Consumers may not realize it, but their mobile phone is a gateway for criminals to take over their bank accounts. In a fast-growing scam known as SIM swapping, criminals transfer the phone number associated with a consumer’s mobile phone to the SIM card embedded in a mobile phone in their possession. They then use that device as a credential to take over the consumer’s bank accounts.
A SIM card, or subscriber identity module, is a removable computer chip on which mobile carriers store data such as a mobile phone number and address book.
“Mobile phones are becoming a hub for all kinds of consumer transactions, and even banks are moving consumers toward them for sending one-time passwords. So it’s not surprising that criminals are transitioning fraud to mobile devices,” says Al Pascual, senior vice president, research director, and head of fraud and security research for Pleasanton, Calif-based Javelin Strategy & Research.
Account-takeover activity via mobile devices nearly doubled year-over-year between 2015 and 2016, Pascual adds.
To thwart SIM swaps, Payfone, a New York City-based provider of mobile and digital identity authentication technology, has developed an application that detects when a mobile phone number has been transferred from a SIM card on one mobile device to another. The application also notifies a consumer’s bank when a SIM swap occurs. Payfone announced this week it has secured a patent for the technology.
In a SIM swap, a criminal purchases consumer data on the black market to identify potential victims. After identifying consumers with mobile phones, the criminal contacts the victim’s carrier claiming to be a customer whose phone has been lost or stolen. He requests the phone number be ported to a new mobile phone connected to the carrier’s network.
After the criminal answers a couple of basic security questions—the answers to which are usually contained in data the criminal has—the mobile carrier transfers the victim’s phone number to the new device’s SIM card. The carrier then deletes the phone number from the SIM card in the victim’s phone, thereby cutting off the victim’s phone service.
“Mobile carriers are a weak link, because they don’t have particularly strong customer authentication,” Pascual says. “Verizon just this year stopped accepting Social Security numbers as a form of authentication.”
Once a SIM swap is complete, criminals can contact the victim’s bank and request a temporary account password or PIN be sent via text message. Because the victim’s phone is no longer receiving calls or texts, the message goes directly to the criminal’s phone without the victim’s knowledge.
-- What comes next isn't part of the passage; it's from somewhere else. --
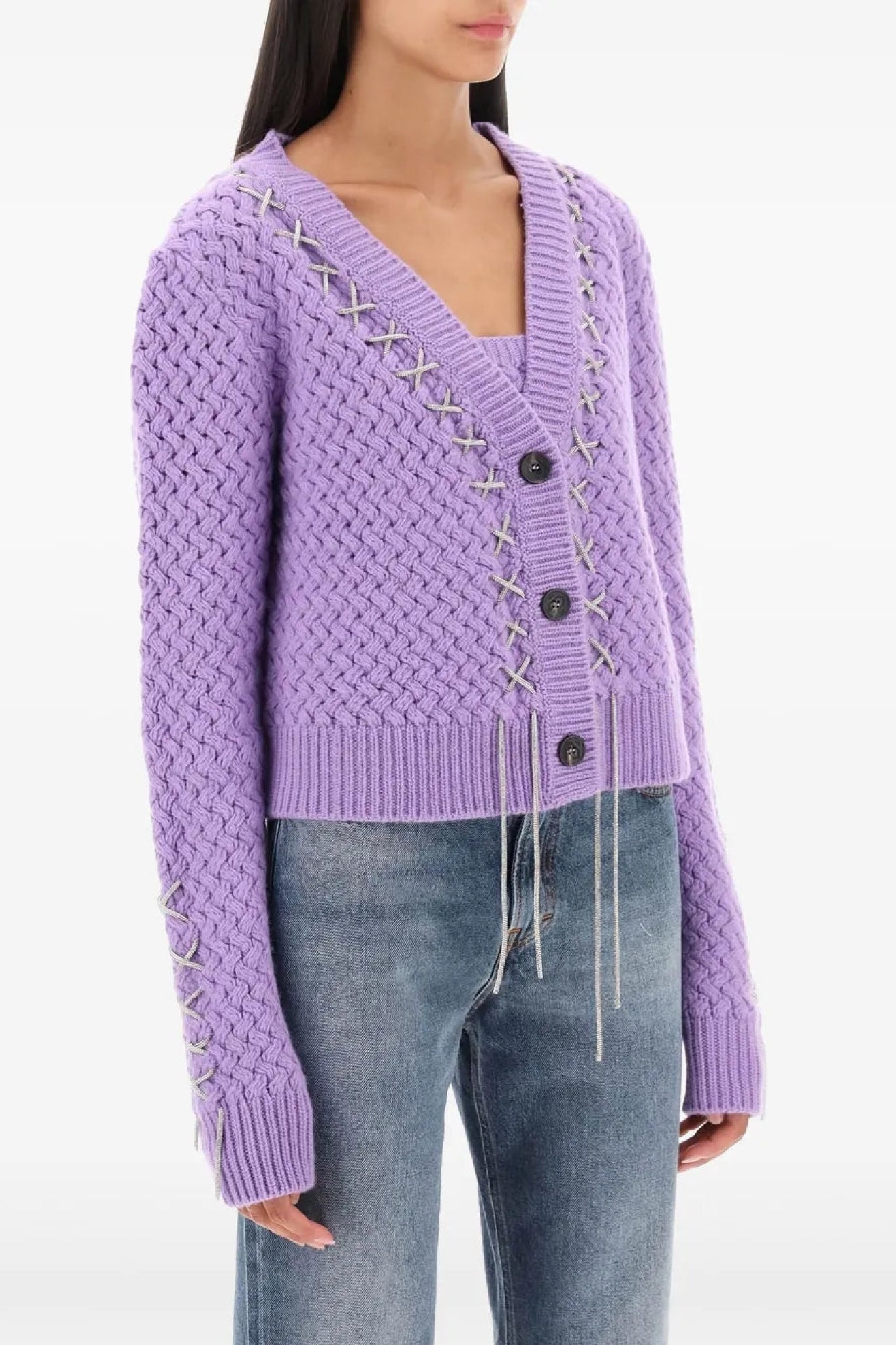 Cardigan aran en laine - Lilac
Since the mobile number on the device used by the criminal matches the one the bank has on file, the criminal passes the first authentication hurdle. Answering a couple of additional questions gets the criminal through the security gate. Again, the answers are often contained in data the criminal has compiled on the consumer, fraud experts say.
Next, the criminal uses the temporary password or PIN to reset account passwords and assume control of the account. The criminal can then transfer money out of the account, order new credit or debit cards, or use account information to steal the victim’s identity.
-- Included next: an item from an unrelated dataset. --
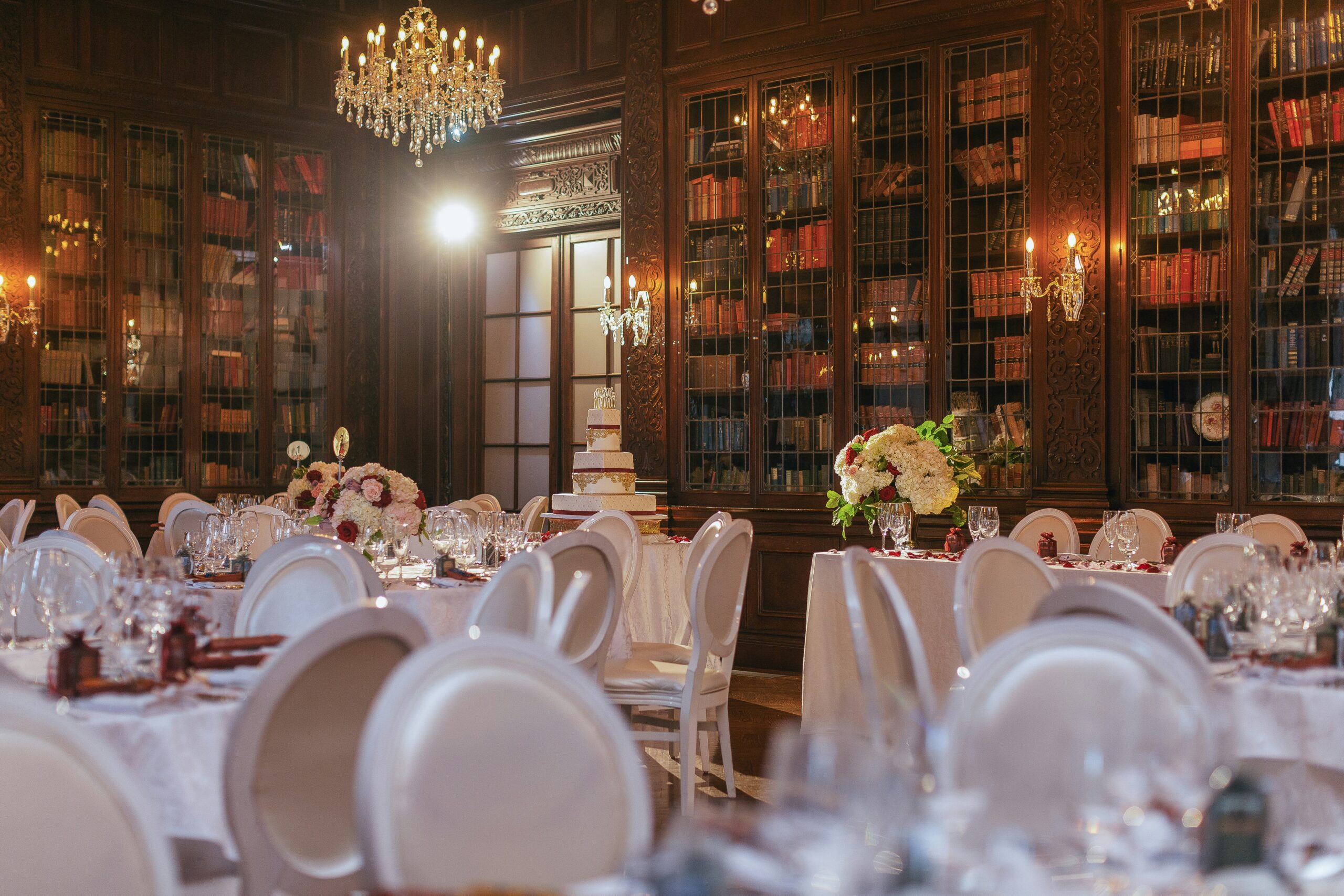 Wedding breakfast in library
Payfone monitors activity on mobile carriers’ networks to identify requests to port a phone number to a new device, and for new bank passwords. Payfone also works with all major mobile carriers in the United States and six of the top 10 banks. Investors in the company include American Express Ventures, Verizon Ventures, and bank-owned risk-management company Early Warning Services LLC.
Earlier this month Payfone struck a deal with Early Warning to provide mobile-authentication technologies for Early Warning’s Zelle person-to-person payments network. Zelle officially began rolling out this week.
“Some of our investors open the door to information we can use to detect SIM swapping,” says Rodger Desai, chief executive at Payfone.
Still, when it comes to combatting SIM swapping, Payfone’s technology is not the only game in town, say Javelin’s Pascual and Julie Conroy, research director for the Boston-based research firm Aite Group. Many competitors in the market, such as London-based ValidSoft, cut their teeth in the United Kingdom and Europe, where SIM swapping is more prevalent, according to Pascual.
“It will be interesting to see what kind of competitive advantage Payfone’s patent provides,” Conroy says.
She cautions that relying on one fraud-prevention technology can be risky. “There needs to be multiple layers of technology to effectively fight fraud,” she says.